Ex-public security minister: Prisons service, police have ‘difficulty telling truth’
Testifying before commission looking into security prisoners’ escape last year, MK Amir Ohana claims many top prisons service officers fear showing initiative, police force is same

Former public security minister MK Amir Ohana said that the Israel Prisons Service has an organizational problem with telling the truth as he testified Thursday before a committee investigating the escape of six security prisoners last year from the Gilboa Prison.
Ohana, now an opposition lawmaker, also slammed senior IPS officers as being too fearful of criticism to show initiative and said the same issues afflict the Israel Police.
Ohana, who as public security minister from May 2020 till June 2021 was responsible for both the IPS and police, said the prison service, “in terms of organizational culture, has difficulty telling the truth.”
He said he thinks the problem stems from officers’ “great fear” of speaking out.
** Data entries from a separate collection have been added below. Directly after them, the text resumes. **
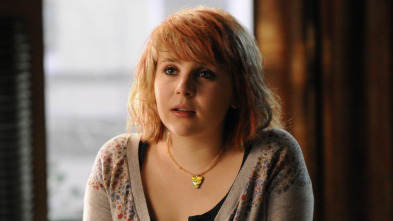 Imagen de En terapia (T2): Ep.9 Segunda Semana - Walter - 2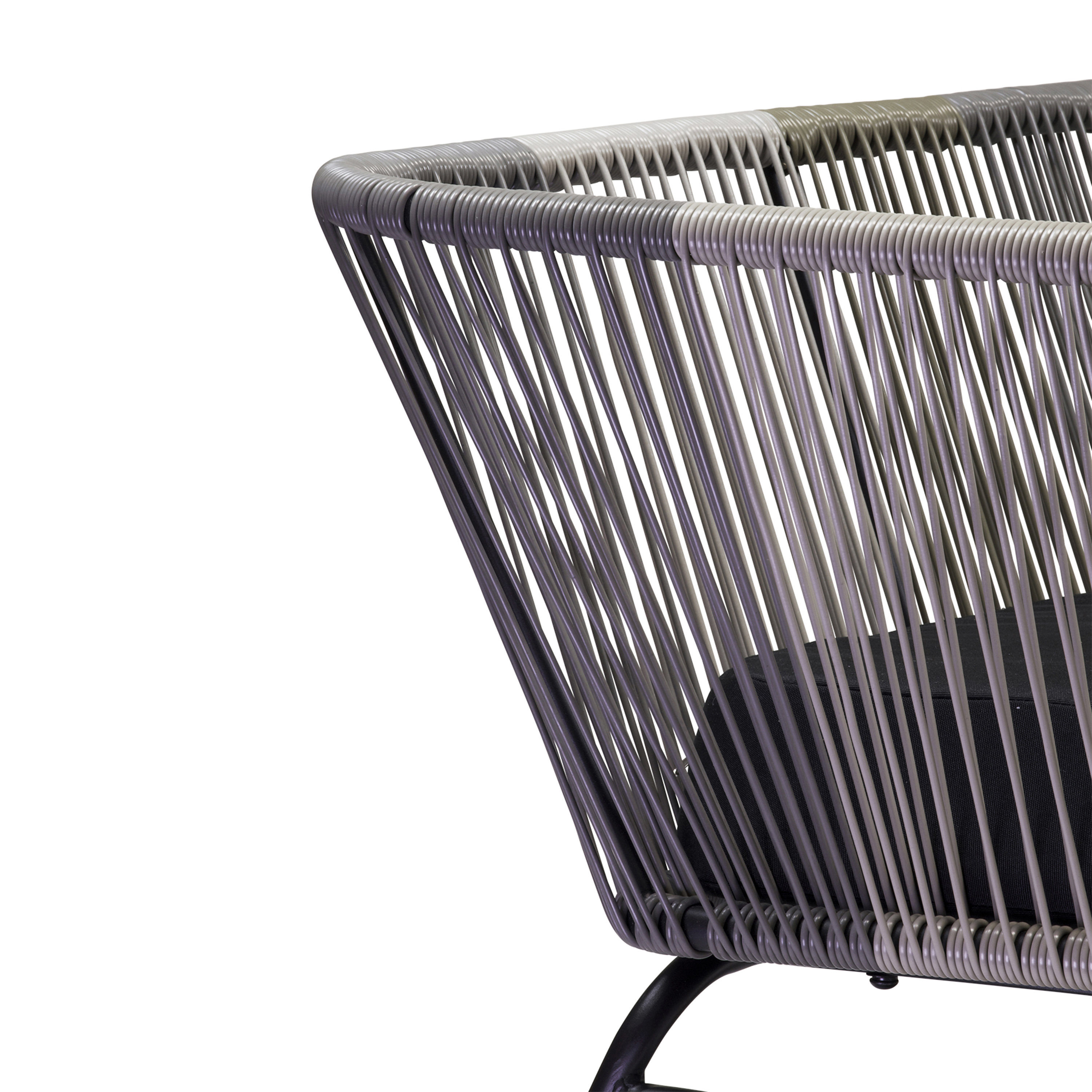 Design Tree Home Acapulco Arm Chair with Cushion Wayfair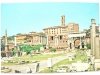 ROMA. FORO ROMANO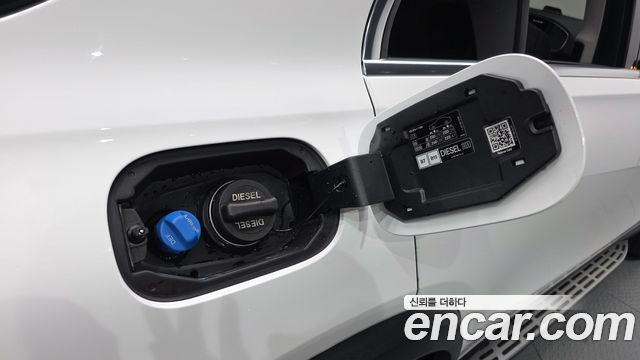 Mercedes-Benz GLE-Class (W167) GLE300d 4MATIC 2024 — фото 35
He said there were many officers who had reached the top echelons of the service, not through dedication to their mission but rather “by staying out of trouble” and keeping their names out of the newspapers.
Officers, Ohana said, are afraid of complications, afraid of public criticism — and therefore do not show initiative.
“It is true of the IPS and the police,” Ohana said according to Hebrew media reports.

Ohana also told the committee that he believed the prison service had not made technological advances in decades.
“During visits, I saw how much the IPS is a non-technological organization,” he said, describing foot patrols around prison walls that he said have not changed since the establishment of the state in 1948.
Ohana defended his choice of Israel Prisons Service chief Katy Perry, saying “she very much impressed me as an officer who thinks outside the box.
“I wanted an IPS commander to lead change,” he said. “I wanted something that would lead to changes in the technological field.”
Ohana also commented on allegations that female soldiers who were doing their military service as guards in the same Gilboa Prison were, years earlier, “pimped” to Palestinian terrorists.
Initial reports in 2018 claimed that several former female guards at the prison said they had been used as bargaining chips with inmates and deliberately placed in harm’s way by their superiors in order to make the prisoners more malleable.
“Intelligence is a dark world and unpleasant things are done in it, but the phenomenon of using our women to perhaps obtain intelligence, or for the sake of overall calm, is despicable and degrading and forbidden,” Ohana said.

The daring escape last September, which ended with the capture of the last two escaped inmates some two weeks later, has been seen as a major failure and embarrassment to Israel’s Prisons Service. The prisoners reportedly dug a tunnel for months before the prison break, using plates, panhandles, building debris and part of a metal hanger.
Perry has deflected responsibility for the prison break and during her own testimony last month slammed Gilboa Prison warden Freddy Ben Shitrit.
Ben Shitrit claimed in November he was “marked” by Perry as “the person responsible for the incident,” and said she attempted to oust him even before the investigation.
Five of the six inmates who escaped were members of the Islamic Jihad terror group, along with notorious Fatah terrorist Zakaria Zubeidi. Several had been convicted of capital crimes and were serving life terms.
The escape exposed a series of lapses at the prison, including a failure to learn lessons from previous escape attempts and several operational blunders, such as unmanned watchtowers and sleeping guards.